A vida sem a Sofia era um inferno silencioso.
A casa estava cheia das suas coisas, o seu cheiro ainda pairava no ar.
Eu cuidava do Mateus como um autómato.
Dava-lhe o biberão, mudava-lhe as fraldas, embalava-o para dormir.
Cada vez que ele chorava, o meu coração partia-se um pouco mais.
A minha mãe vinha ajudar durante o dia.
Ela tentava animar-me.
"Lucas, tens de seguir em frente. Pelo Mateus."
Mas como é que eu podia seguir em frente?
Eu estava preso no dia em que a Sofia morreu.
Uma semana depois do funeral, recebi uma carta oficial.
A Helena tinha mesmo avançado com o processo de custódia.
Mostrei a carta à minha mãe. Ela ficou furiosa.
"Essa mulher enlouqueceu! Ela não tem direito nenhum! Tu és o pai!"
"Ela vai usar o que aconteceu no hospital contra mim," eu disse, a minha voz vazia. "Ela vai dizer que eu sou um pai negligente."
"Isso é um disparate!" A minha mãe bateu na mesa. "Tu só foste ajudar o teu irmão! Foi um acidente, uma tragédia! Ninguém queria que isto acontecesse!"
Ela olhou para mim, os seus olhos suplicantes.
"Lucas, tu não podes perder o Mateus. Ele é um Almeida. Ele é tudo o que te resta da Sofia."
Eu sabia que ela tinha razão.
Eu não podia perder o meu filho.
Naquela noite, o Tiago e a Clara vieram jantar.
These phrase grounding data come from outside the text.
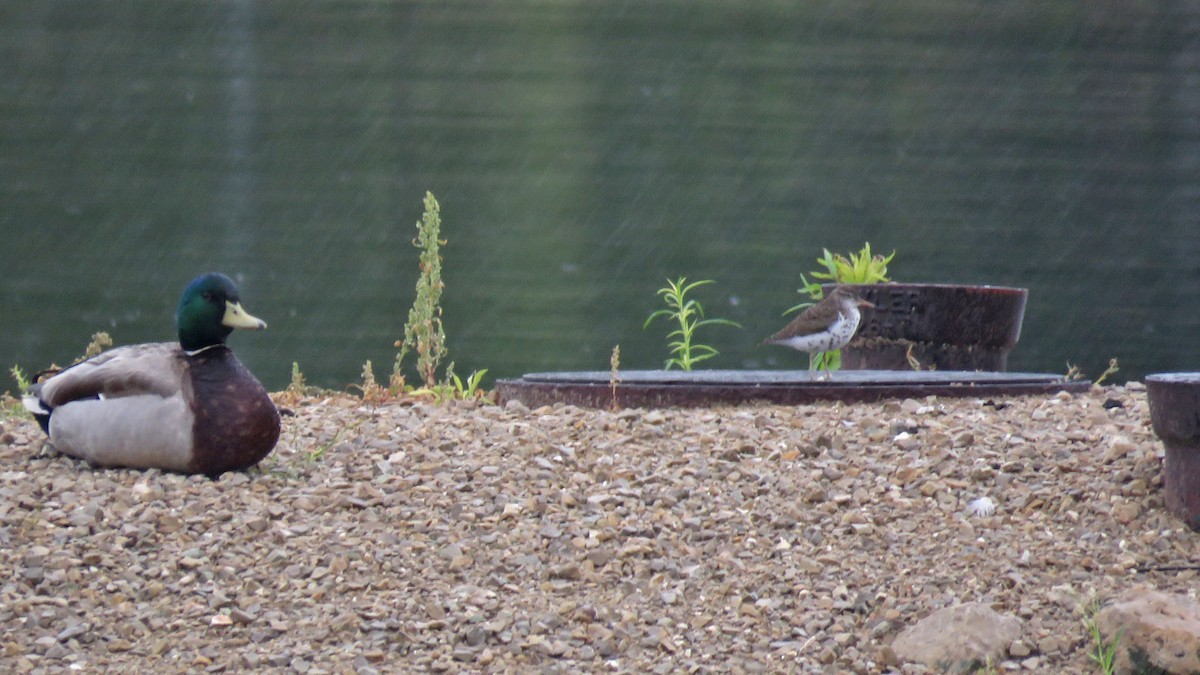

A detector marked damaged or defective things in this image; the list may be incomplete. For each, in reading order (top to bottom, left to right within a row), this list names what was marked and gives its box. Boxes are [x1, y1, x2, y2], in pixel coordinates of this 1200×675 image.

rusty metal lid [496, 367, 1089, 410]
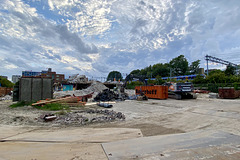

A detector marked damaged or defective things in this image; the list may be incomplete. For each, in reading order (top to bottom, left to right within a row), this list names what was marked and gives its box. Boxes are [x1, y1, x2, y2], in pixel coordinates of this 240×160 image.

broken concrete slab [0, 142, 107, 159]
broken concrete slab [102, 131, 240, 159]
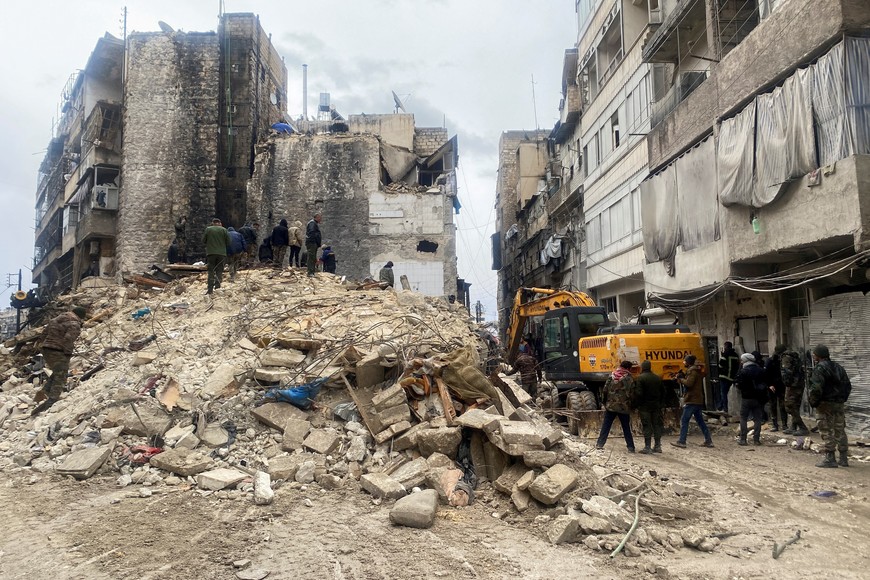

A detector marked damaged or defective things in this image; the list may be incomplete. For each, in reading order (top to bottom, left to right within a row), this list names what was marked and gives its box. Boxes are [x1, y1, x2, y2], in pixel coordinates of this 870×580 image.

damaged apartment building [32, 14, 464, 304]
damaged apartment building [494, 0, 870, 436]
broken concrete slab [258, 348, 306, 368]
broken concrete slab [203, 362, 240, 398]
broken concrete slab [250, 404, 308, 430]
broken concrete slab [282, 416, 312, 454]
broken concrete slab [304, 428, 342, 456]
broken concrete slab [418, 426, 464, 458]
broken concrete slab [55, 446, 110, 478]
broken concrete slab [149, 448, 212, 476]
broken concrete slab [198, 466, 249, 490]
broken concrete slab [360, 472, 408, 498]
broken concrete slab [524, 450, 560, 468]
broken concrete slab [528, 464, 584, 506]
broken concrete slab [392, 490, 440, 532]
broken concrete slab [584, 494, 636, 532]
broken concrete slab [548, 516, 584, 544]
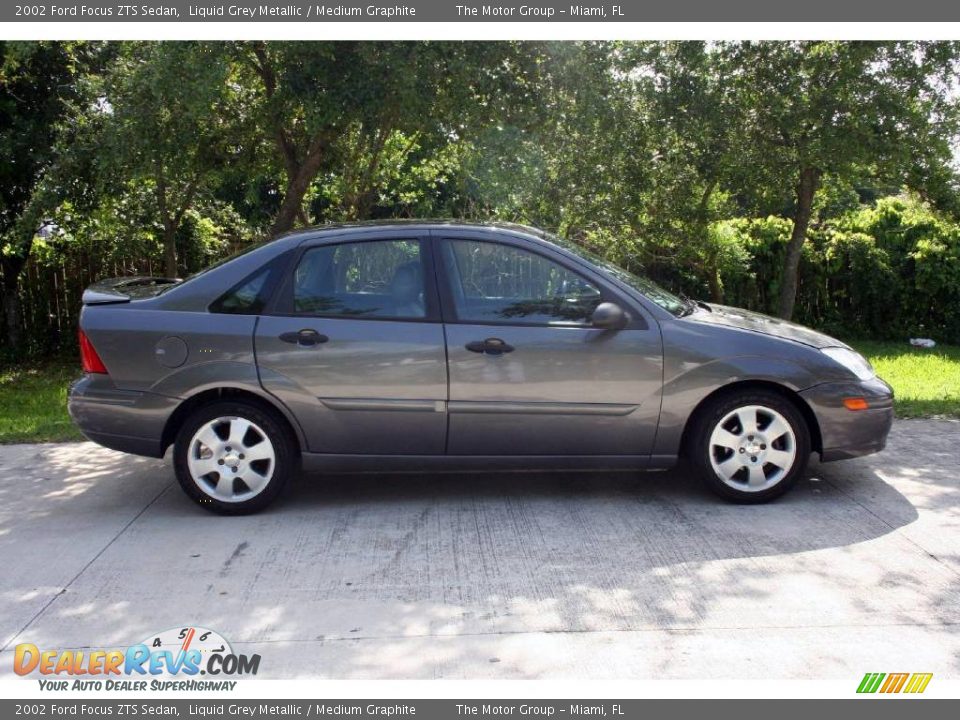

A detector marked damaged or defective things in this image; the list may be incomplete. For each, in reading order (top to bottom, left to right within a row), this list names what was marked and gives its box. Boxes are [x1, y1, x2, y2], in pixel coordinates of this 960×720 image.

A minha mãe cozinhou, tentando criar uma sensação de normalidade.
Mas o clima era pesado.
Durante o jantar, a minha mãe falou sobre o processo de custódia.
"A Helena está a tentar tirar-nos o Mateus," disse ela, a sua voz cheia de ressentimento.
A Clara largou os talheres. "Oh, meu Deus. Isso é horrível."
O Tiago parecia culpado. "Isto é tudo por minha causa."
"Não é altura para culpas," disse a minha mãe bruscamente. "É altura de nos unirmos como uma família. Temos de apoiar o Lucas."
Ela olhou para a Clara.
"Clara, querida. Tu e o Tiago terão de testemunhar em tribunal. Terão de explicar ao juiz que foi uma emergência. Que o Lucas não teve escolha."
A Clara olhou para o prato dela. "Claro, tia Laura. Faremos o que for preciso."
Mas havia algo na sua hesitação que me deixou inquieto.
Mais tarde, quando estavam a sair, ouvi-os a discutir em voz baixa no corredor.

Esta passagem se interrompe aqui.